Лукашин взглянул на майора: тот сосредоточенно сидел в кресле, хотя машина шла на автопилоте и можно было расслабиться.

На вид майору можно было дать лет двадцать восемь, члены экипажа выглядели и того моложе, кроме, разве что прапорщика-стрелка. На земле, особенно в штатском, они и вовсе казались юнцами, и Лукашин завидовал — им еще летать и летать.

Он услышал, как штурман-навигатор доложил майору:

— Командир, через десять минут будем на месте.

Это было то место, ради которого они летели в такую даль. Оно ничем не отличалось от прочих мест в небе над океаном, но для них оно было одно-единственное: они проделали весь путь, чтобы сюда попасть.

Теперь нельзя было мешкать.

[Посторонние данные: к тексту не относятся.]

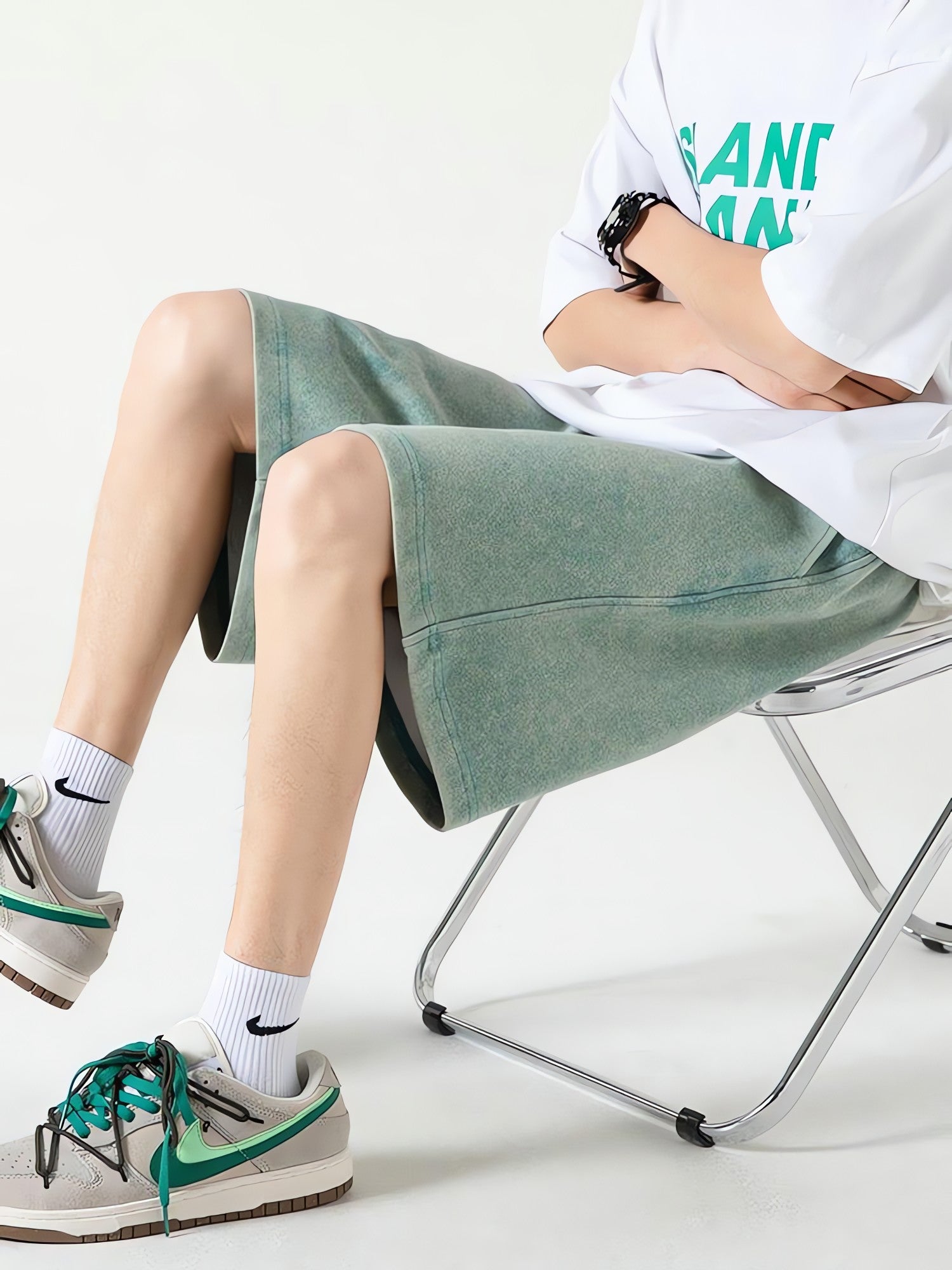 Soft Boy Drawstring Waist Sweatshort - KAYSMAR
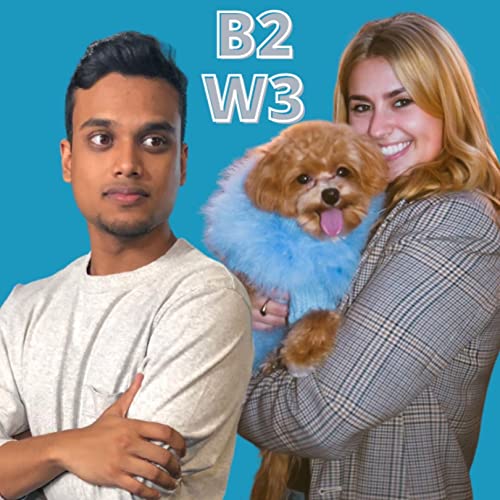 Back2 Web3 by Jane V Herman (Empress of the Metaverse) and Jimmy Mondal (Jimbasco)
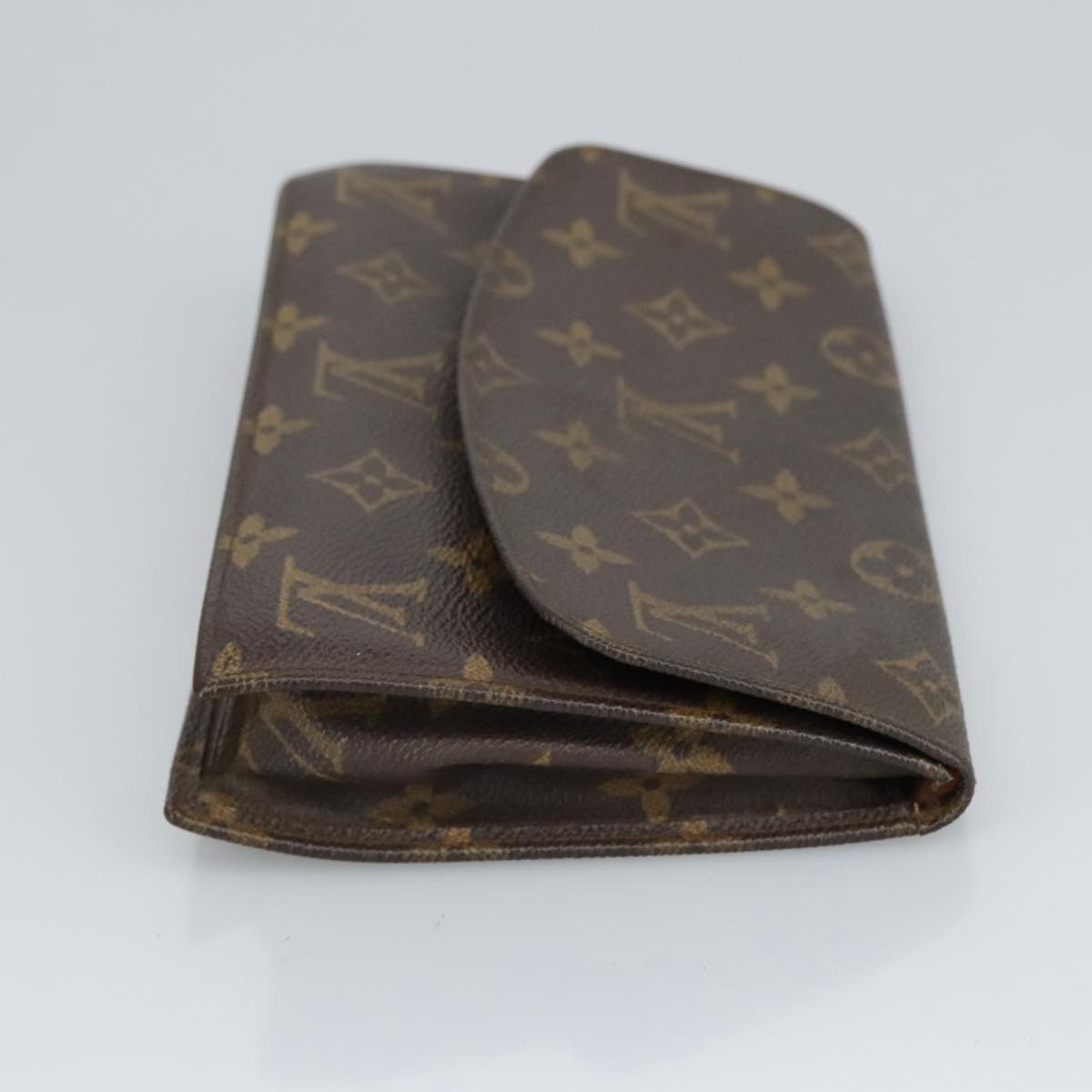 LOUIS VUITTON Monogram Pochette Rabat 20 Clutch Bag M51935 LV Auth fm4026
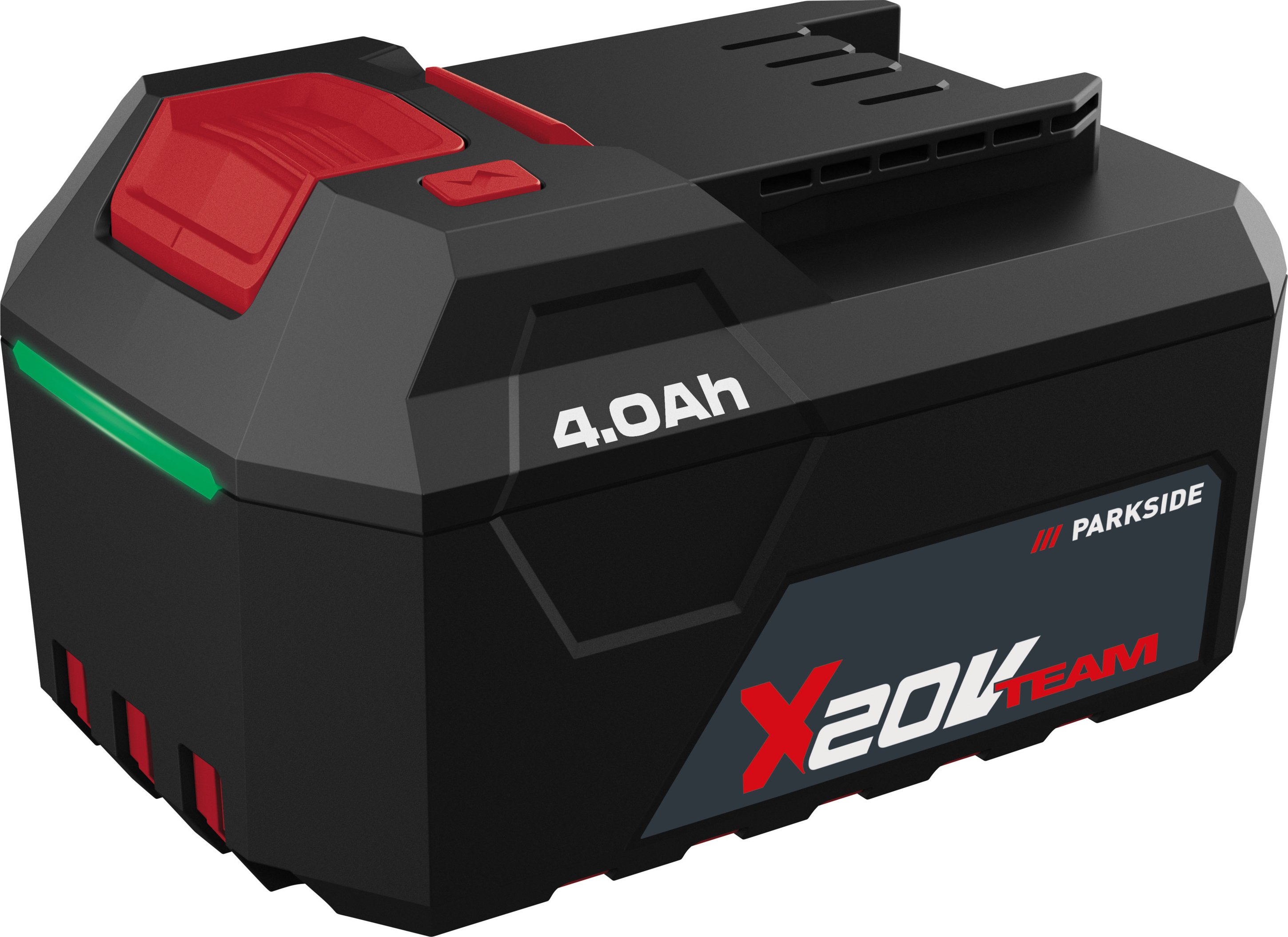 Thumbnail - PARKSIDE® 20 V / 4 Ah Akku »PAP 204 A1«, ohne Ladegerät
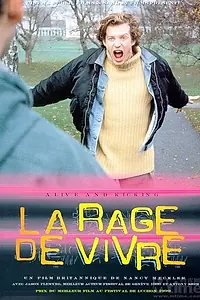 Главный постер фильма «Живой и умирающий (1996)»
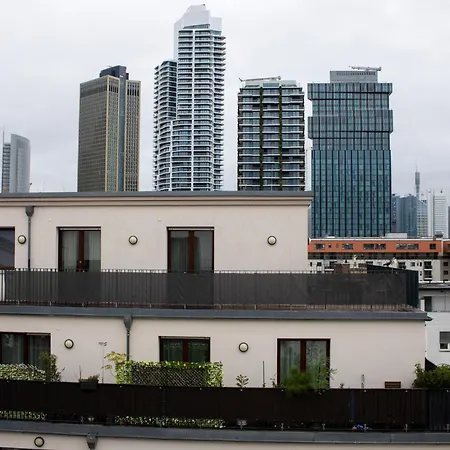 Luxus-penthouse Im Zentrum Apartment *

Мягко открылись створы люка, массивная балка плавно вывела ракету из чрева машины; на пульте зажглась надпись: «Ракета висит».

Они по порядку проверили исправность всех систем ракеты — давление масла, температуру, обороты и прочее — экипаж наперебой докладывал майору, в шлемофонах стоял галдеж, голоса перебивали друг друга, так что казалось, идет общий спор и каждый старается перекричать остальных. Неожиданно установилась тишина.